The XML docs for JdbcConnectionString have malformed format text ([] / trailing ]) and now point to UserNameReference / PasswordParameter, but the connection properties exposed are named Username and Password (see IResourceWithConnectionString.GetConnectionProperties). Update the docs to reflect the actual JDBC format and reference the correct connection property names.

Suggested change

	/// <para>Format: <c>jdbc:sqlserver://{host}:{port}[];trustServerCertificate=true]</c>.</para>
	/// <para>User and password credentials are not included in the JDBC connection string.
	/// Use the <see cref="UserNameReference"/> and <see cref="PasswordParameter"/> connection properties to access credentials.</para>
	/// <para>Format: <c>jdbc:sqlserver://{Host}:{Port}[;databaseName={Database}][;trustServerCertificate=true]</c>.</para>
	/// <para>User and password credentials are not included in the JDBC connection string.
	/// Use the <c>Username</c> and <c>Password</c> connection properties to access credentials.</para>

[Copilot]

devCertService.Certificates.First() will throw if there are no trusted dev certificates (the service can return an empty list). Guard against an empty certificate list and skip enabling TLS (or fall back to TrustServerCertificate) when no cert is available.

[afscrome]

Got this working, although not entirely happy with two things

1. I'm somewhat lying with endpoint.TlsEnabled, using it to describe whether the TLS cert is trusted, rather than whether TLS is being used or not. And ultimately being used to decide whether we need to include TrustServerCertificate on the connection string
2. The SubscribeHttpsEndpointsUpdate implementation to ensure that we continue to include the TrustServerCertificate portion of the connection string if the dev cert is not version 6 or higher.

[danegsta]

I was meaning to follow up with you on this; I merged #14919 recently which adds conditional expression support to reference expressions and should let you simplify the certificate support checks. I'm currently using this to control whether ,ssl=true gets added to the Redis connection string based on whether an endpoint is TLS enabled.

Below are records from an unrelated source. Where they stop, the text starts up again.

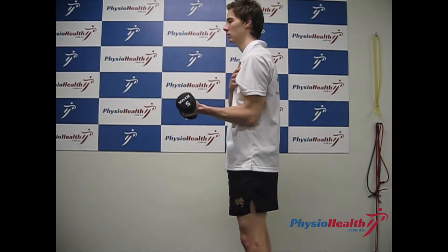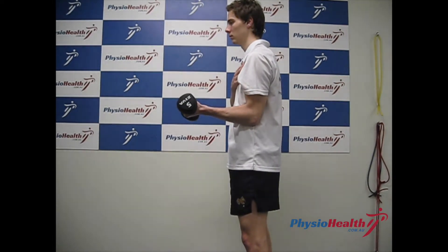Bicep curls. Starting with your elbow bent at 90 degrees and down by your side. Hold the weight with the palm facing up.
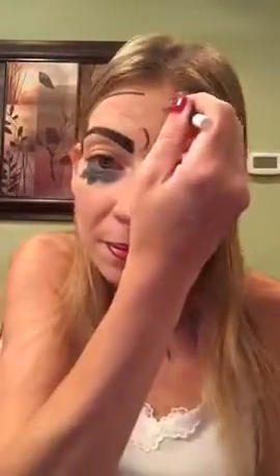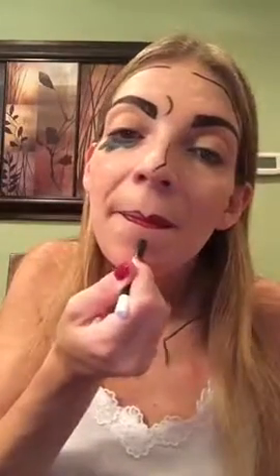I had to pull my skin a little bit just so I could fill it in evenly. This really was such a super fast look to create. The longest part was just drawing the little white dots all over my face with the white liner.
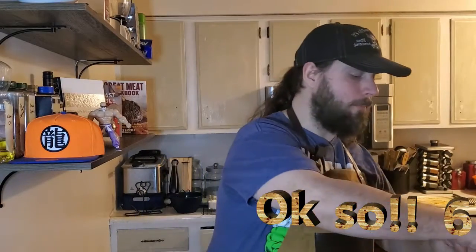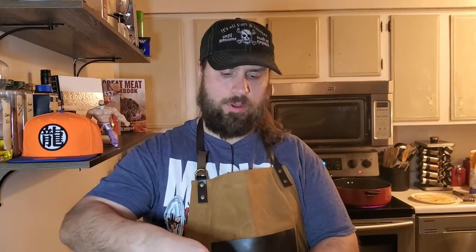Now I'm going to make a slurry. This is not exact — about a half a cup of flour, and I'm going to add just enough cold water, maybe three quarters to a cup, just so the flour dissolves. This is my thickening agent. Slurries are used for thickening gravies and sauces. Always use cold water — hot water is going to cook your flour and it won't work right.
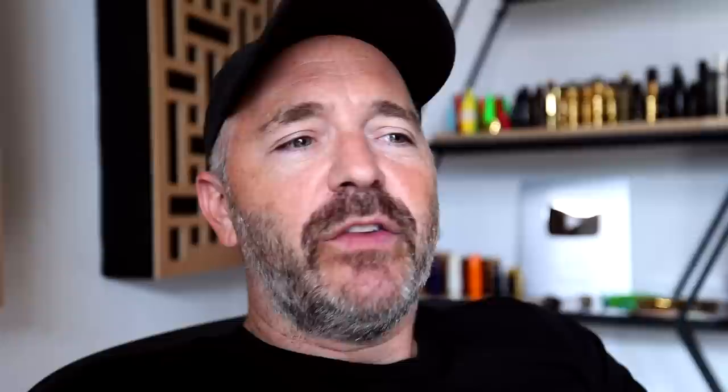The one I would put fourth on the list was the Cannonball, and it's not because it's not a great saxophone — it is. It's just that for whatever reason I felt the least comfortable on it ergonomically. They have a different thing going on, but if I were playing that horn for a few days I'm sure I'd be totally comfortable on it. Listening back, it is a nice, bright, powerful saxophone and it does look really cool with the silver plating as well as the black nickel.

The main requirement to take advantage of this would be to expose a ReferenceExpression property from IDeveloperCertificateService that indicates whether the latest certificate supports loopback IPs as bool.TrueString/bool.FalseString values. Then you can gait a conditional value with something like ReferenceEcpression.CreateConditional(certificateService.SupportsLoopbackIp, bool.TrueString, ReferenceExpression.Create($"whatever is required if true"), ReferenceExpression.Create($"whatever is required if false")).

I typed that up on my phone, so apologies if any of the syntax is off.

[danegsta]

Main idea of the conditional version of reference expressions is that it takes an IValueProvider as the conditional, a string that'll be compared case insensitively against the value, and two ReferenceExpression branches; the first is used if the values match, the second if they don't.